REPUBLIKA.CO.ID,JAKARTA--Perum Perumnas tetap mempertahankan harga unit apartemen "Central Point" tatkala sejumlah pengembang menaikkan harga sebagai akibat perubahan pola subsidi kredit pemilikan rumah/apartemen (KPR/KPA). "Kami masih mempertahankan harga Rp108,9 juta untuk tipe terendah sampai Rp158,4 juta untuk tipe tertinggi," kata Direktur Pemasaran Perum Perumnas, Teddy Robinson, di Jakarta, Senin.
Akibat harganya yang murah tersebut membuat dua menara apartemen masing-masing 435 unit yang dibangun pada tahap I sudah terjual 95 persen, kata Teddy menjelaskan.

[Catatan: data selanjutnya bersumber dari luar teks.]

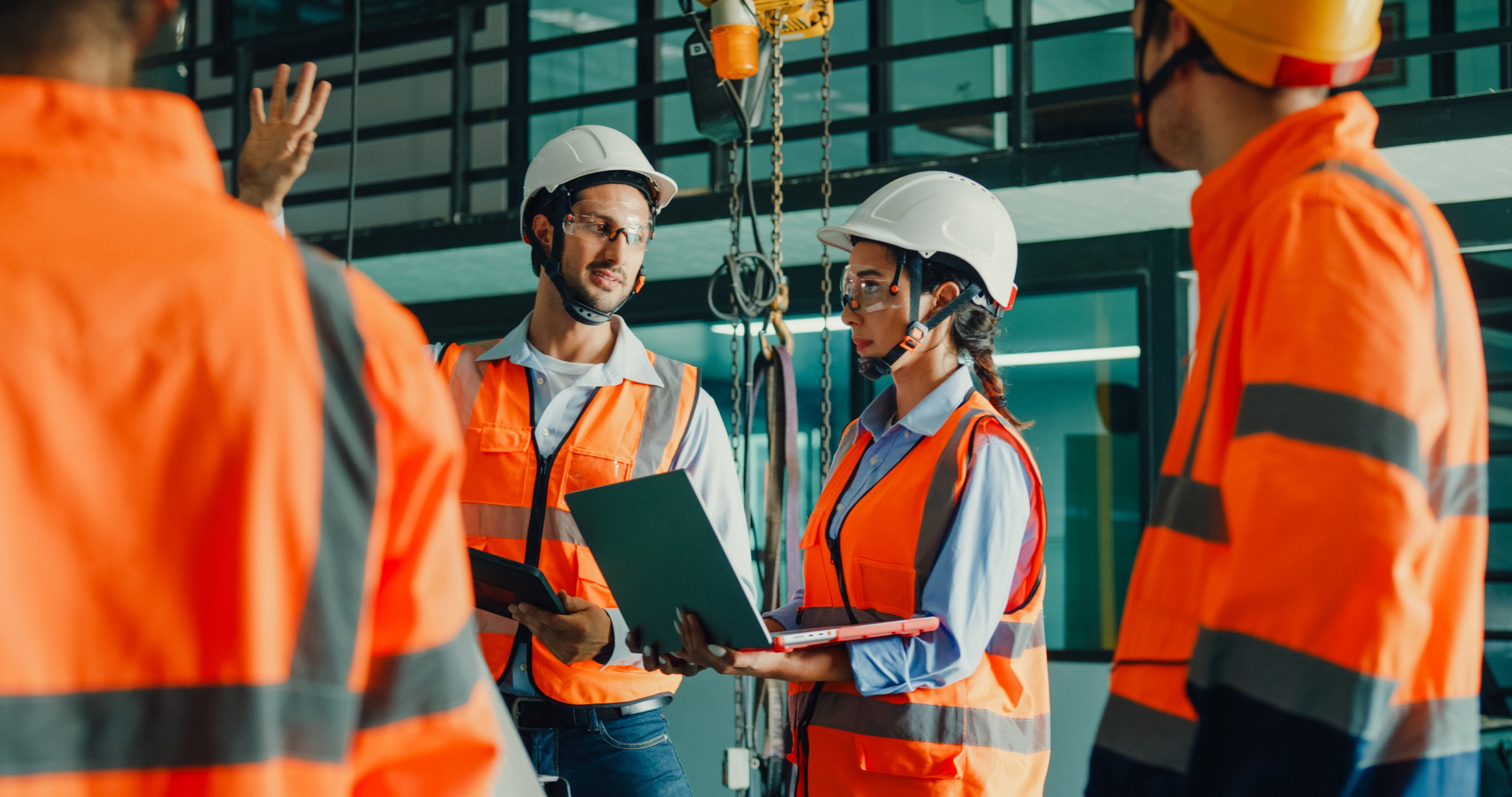 Industrial engineers reviewing plans + laptop in a manufacturing setting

Masyarakat sangat antusias dengan peluncuran dua menara yang saat ini sudah memasuki tahap pekerjaan penutupan atap (topping off). "Kami berharap pada bulan Oktober 2010 sudah dapat serah terima, lebih cepat dua bulan dari perkiraan awal," ujarnya.
Teddy mengatakan pihaknya belum menetapkan harga untuk pembangunan tahap selanjutnya dari Apartemen "Central Point" yang berlokasi di dekat pintu tol Bekasi karena masih menunggu kebijakan bunga murah yang diluncurkan pemerintah pada awal Juli 2010. Namun, dia optimistis penjualan apartemen tahap II ini akan mendulang sukses yang sama dengan pembangunan apartemen tahap I mengingat lokasinya yang sangat strategis.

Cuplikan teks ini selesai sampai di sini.